┌──
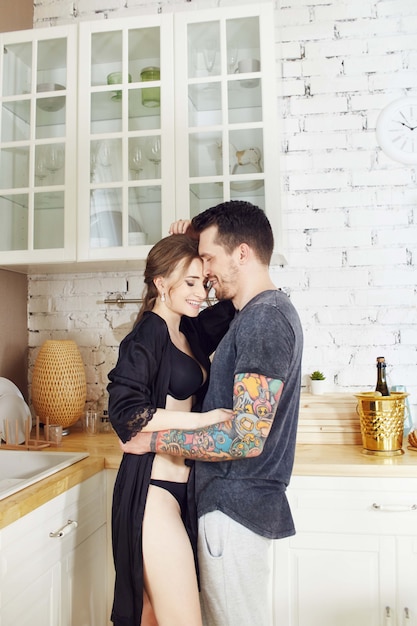 Couple in love in the kitchen in the morning hugs and prepares Breakfast.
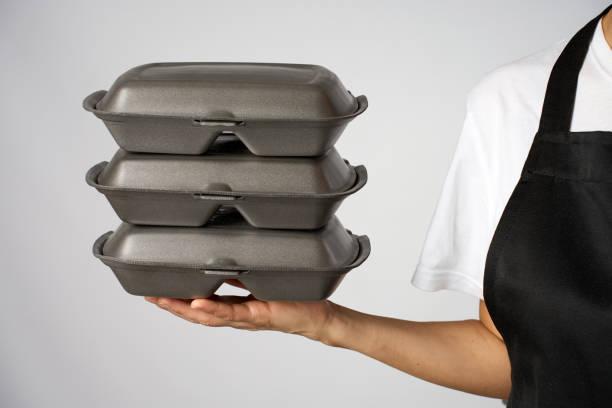 istock Waitress woman hand with a lunch box, close-up 2187859734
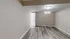 Spacious room with elegant light wood flooring and neutral walls, featuring a door leading to another area.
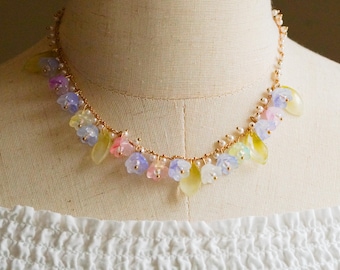 May include: A delicate necklace featuring a gold chain adorned with small, colorful flower charms in shades of pink, yellow, and blue. The necklace is displayed on a mannequin, showcasing its intricate design and pastel color palette.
└──
### Your objective
Word for word, retype all of the data above, but include no pictures.

### Answer to this problem
 Couple in love in the kitchen in the morning hugs and prepares Breakfast.
 istock Waitress woman hand with a lunch box, close-up 2187859734
 Spacious room with elegant light wood flooring and neutral walls, featuring a door leading to another area.
 May include: A delicate necklace featuring a gold chain adorned with small, colorful flower charms in shades of pink, yellow, and blue. The necklace is displayed on a mannequin, showcasing its intricate design and pastel color palette.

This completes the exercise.